Although we have conceded that the bill makes a case for an injunction if its premises are true, it cannot be understood to charge that the auditor will go further than to enforce the act as properly construed. The allegations upon information and belief, which we have stated, probably mean no more than that the plaintiffs reasonably suppose that the auditor will do his duty. They are pressed to the verge when they are taken to set forth a threat to do that. They certainly do not show that he threatens to do more.
MR. JUSTICE HARLAN, concurring:
It is clear from the averments of the bill that the insurance companies had not, prior to the institution of this suit, made any combination or agreement among themselves relating to the rates to be charged for insurance, or to the amount of commissions
to be allowed agents for procuring insurance or to the manner of transacting fire insurance business within the state. They expressed a desire to make such a combination or agreement, but were apprehensive that, by doing so, they would come into conflict with the state authorities. The auditor had done nothing under the statute, and will have nothing to do in execution of its provisions unless the insurance companies enter into the forbidden combination or agreement. Nevertheless the plaintiffs came into court, avowed that they had not as yet violated the statute, but asked to be informed whether, in the event they concluded to do so, their officers, agents, or employees could be legally summoned before the state auditor for examination, as prescribed in § 1755. In other words, in advance of anything's being done in violation of the statute or of any steps' being taken by the auditor in execution of its provisions, the opinion of the court was asked and obtained as to its constitutionality. This is a very convenient -- and, in my judgment, a mischievous -- mode of obtaining the opinion of a court upon an abstract question of the constitutionality of a statute which has not been and may never be violated, and under which no case may ever arise calling for judicial interference. It is as if the plaintiffs had addressed a personal communication to the court, asking to be informed as to what they might safely do. It seems to me that the suit has been prematurely brought. If the plaintiffs should make such a combination as is forbidden by the statute, the time to seek judicial interference in their behalf would be when the state auditor proceeds, or in some definite way indicates his purpose to proceed, under § 1755. I think the decree below should be reversed, and the bill ordered to be dismissed, upon the ground that no facts existed at the time the suit was brought to justify a judicial tribunal in delivering a judgment as to the constitutionality of the state statute.
As, however, the court considered the case upon the merits, it is appropriate to say that I concur with the court in holding that the section of the statute which is assailed is not invalid.

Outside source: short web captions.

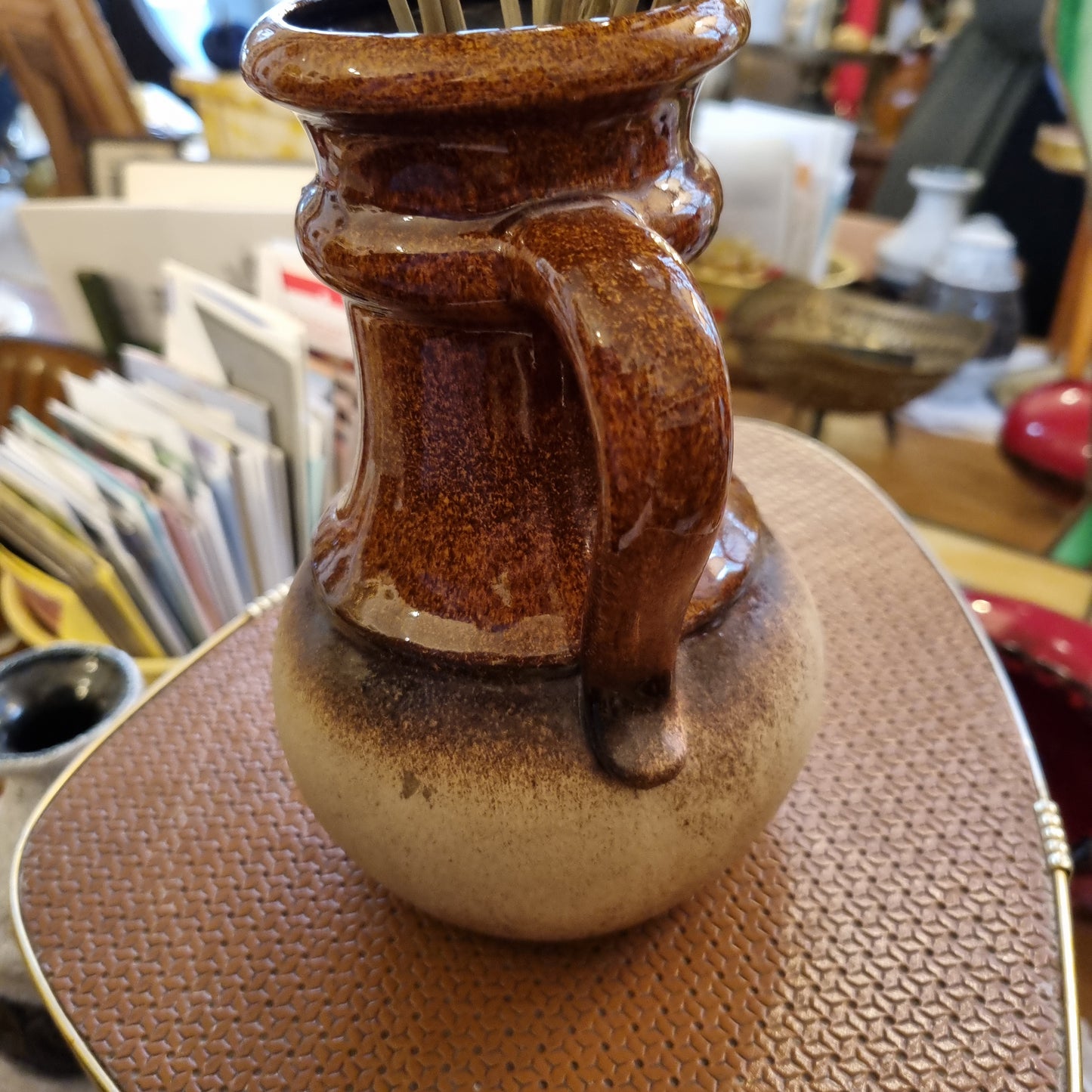 Braune Keramik Vase Krug glasiert Lava 70er Jahre mit Henkel Midcentury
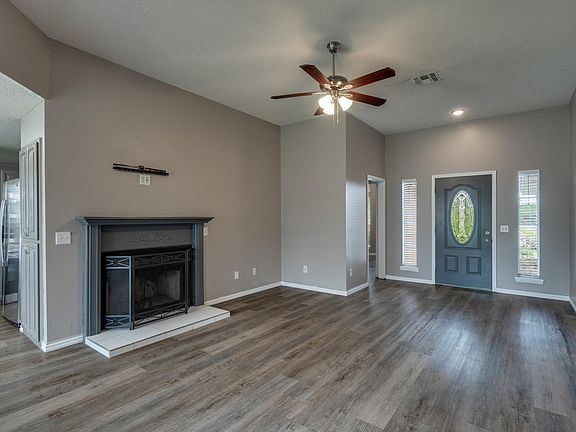 4th image of 5213 Northview Dr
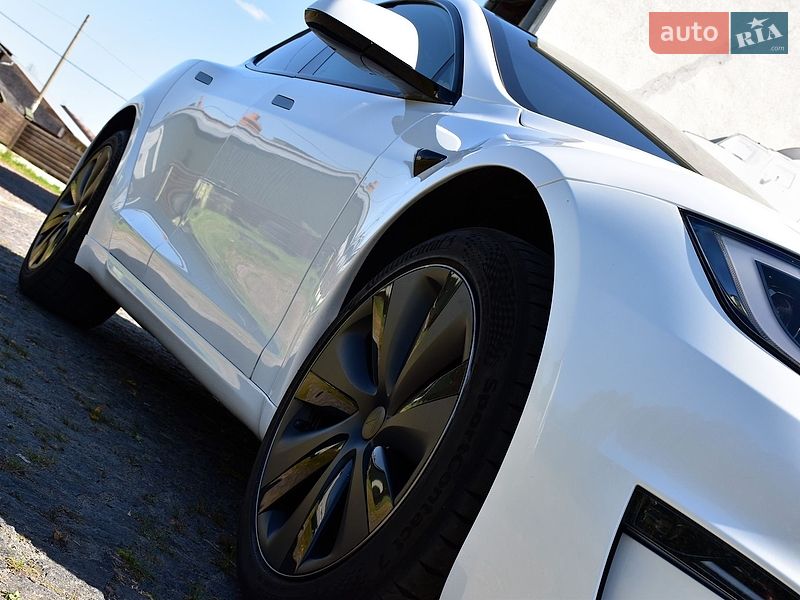 Ліфтбек Tesla Model S 2023 в Дрогобичі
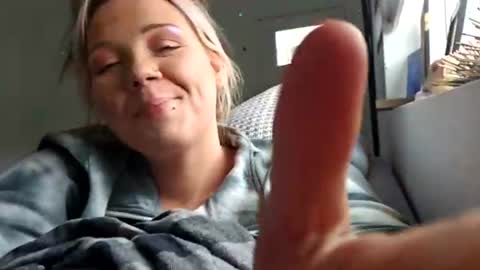 Snapshot of kenzieaspel chatting on July 8, 2026, 3:33 am Kenzie online show from July 8, 2026, 3:33 am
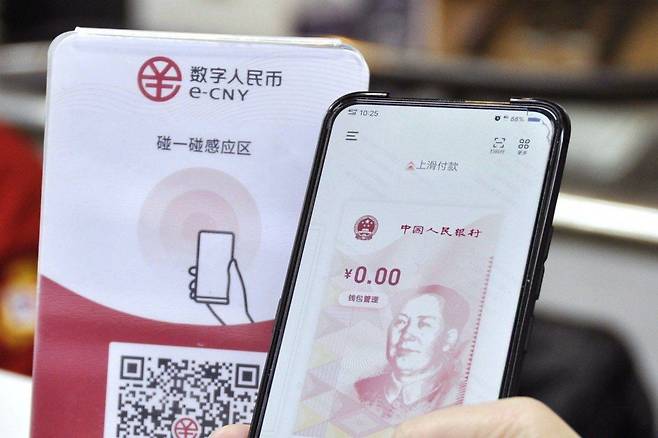 중국 인민은행은 지난해부터 중앙은행 디지화폐(CBDC)인 '디지털 위안' 시범사업을 진행하고 있다. /로이터 연합뉴스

The business of fire insurance is of such a peculiar character, so intimately connected with the prosperity of the whole community, and so vital to the security of property owners that it is competent for the state to forbid combinations and agreements among fire insurance companies doing business within its limits in reference to rates, agents' commissions, and the manner of transacting their business. If, in the judgment of the state, the people who desire insurance upon their property are put at a disadvantage when confronted by a combination or agreement among insurance companies, I do not perceive any sound reason why, preserving the individual right of contracting, it may not forbid such combinations and agreements, and thereby enable the insured and insurer to meet on terms of equality. Surely, the state could enact such a regulation with reference to companies organized under its own laws. If that be so, it cannot be that such a regulation may not be made applicable to foreign insurance companies doing business in the state only by its consent.